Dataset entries
--- START ---

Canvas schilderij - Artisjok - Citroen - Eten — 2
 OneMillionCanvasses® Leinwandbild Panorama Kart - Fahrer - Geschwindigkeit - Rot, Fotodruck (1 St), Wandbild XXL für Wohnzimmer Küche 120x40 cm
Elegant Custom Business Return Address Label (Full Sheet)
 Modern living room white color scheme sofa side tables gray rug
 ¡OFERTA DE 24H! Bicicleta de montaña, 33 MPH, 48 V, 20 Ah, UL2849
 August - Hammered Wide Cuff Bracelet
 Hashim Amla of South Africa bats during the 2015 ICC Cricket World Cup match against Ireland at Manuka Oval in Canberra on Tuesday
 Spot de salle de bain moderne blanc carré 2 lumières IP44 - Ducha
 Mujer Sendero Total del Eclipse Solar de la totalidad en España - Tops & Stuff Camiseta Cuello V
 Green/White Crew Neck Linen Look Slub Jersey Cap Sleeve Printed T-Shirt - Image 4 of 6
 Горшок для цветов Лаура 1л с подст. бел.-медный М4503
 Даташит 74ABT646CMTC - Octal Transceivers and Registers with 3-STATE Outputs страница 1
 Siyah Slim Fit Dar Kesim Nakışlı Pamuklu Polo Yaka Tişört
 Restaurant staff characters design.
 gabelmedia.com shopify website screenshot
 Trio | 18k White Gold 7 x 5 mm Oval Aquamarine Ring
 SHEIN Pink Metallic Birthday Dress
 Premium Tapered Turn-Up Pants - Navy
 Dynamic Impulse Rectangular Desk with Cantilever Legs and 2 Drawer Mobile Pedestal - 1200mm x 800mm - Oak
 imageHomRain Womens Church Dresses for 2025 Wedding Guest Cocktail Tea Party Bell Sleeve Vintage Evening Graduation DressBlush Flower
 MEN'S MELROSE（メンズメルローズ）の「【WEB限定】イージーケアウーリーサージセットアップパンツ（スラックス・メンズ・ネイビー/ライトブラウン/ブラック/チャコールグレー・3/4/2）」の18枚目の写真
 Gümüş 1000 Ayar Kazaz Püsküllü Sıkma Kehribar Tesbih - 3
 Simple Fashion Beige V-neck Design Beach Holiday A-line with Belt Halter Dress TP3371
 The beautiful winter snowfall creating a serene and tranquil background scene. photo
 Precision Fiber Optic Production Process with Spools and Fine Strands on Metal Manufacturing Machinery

--- END ---

— PROBLEM DETAILS —
A word-for-word restatement of every record above is expected.

— EXERCISE RESULT —
Canvas schilderij - Artisjok - Citroen - Eten — 2
 OneMillionCanvasses® Leinwandbild Panorama Kart - Fahrer - Geschwindigkeit - Rot, Fotodruck (1 St), Wandbild XXL für Wohnzimmer Küche 120x40 cm
Elegant Custom Business Return Address Label (Full Sheet)
 Modern living room white color scheme sofa side tables gray rug
 ¡OFERTA DE 24H! Bicicleta de montaña, 33 MPH, 48 V, 20 Ah, UL2849
 August - Hammered Wide Cuff Bracelet
 Hashim Amla of South Africa bats during the 2015 ICC Cricket World Cup match against Ireland at Manuka Oval in Canberra on Tuesday
 Spot de salle de bain moderne blanc carré 2 lumières IP44 - Ducha
 Mujer Sendero Total del Eclipse Solar de la totalidad en España - Tops & Stuff Camiseta Cuello V
 Green/White Crew Neck Linen Look Slub Jersey Cap Sleeve Printed T-Shirt - Image 4 of 6
 Горшок для цветов Лаура 1л с подст. бел.-медный М4503
 Даташит 74ABT646CMTC - Octal Transceivers and Registers with 3-STATE Outputs страница 1
 Siyah Slim Fit Dar Kesim Nakışlı Pamuklu Polo Yaka Tişört
 Restaurant staff characters design.
 gabelmedia.com shopify website screenshot
 Trio | 18k White Gold 7 x 5 mm Oval Aquamarine Ring
 SHEIN Pink Metallic Birthday Dress
 Premium Tapered Turn-Up Pants - Navy
 Dynamic Impulse Rectangular Desk with Cantilever Legs and 2 Drawer Mobile Pedestal - 1200mm x 800mm - Oak
 imageHomRain Womens Church Dresses for 2025 Wedding Guest Cocktail Tea Party Bell Sleeve Vintage Evening Graduation DressBlush Flower
 MEN'S MELROSE（メンズメルローズ）の「【WEB限定】イージーケアウーリーサージセットアップパンツ（スラックス・メンズ・ネイビー/ライトブラウン/ブラック/チャコールグレー・3/4/2）」の18枚目の写真
 Gümüş 1000 Ayar Kazaz Püsküllü Sıkma Kehribar Tesbih - 3
 Simple Fashion Beige V-neck Design Beach Holiday A-line with Belt Halter Dress TP3371
 The beautiful winter snowfall creating a serene and tranquil background scene. photo
 Precision Fiber Optic Production Process with Spools and Fine Strands on Metal Manufacturing Machinery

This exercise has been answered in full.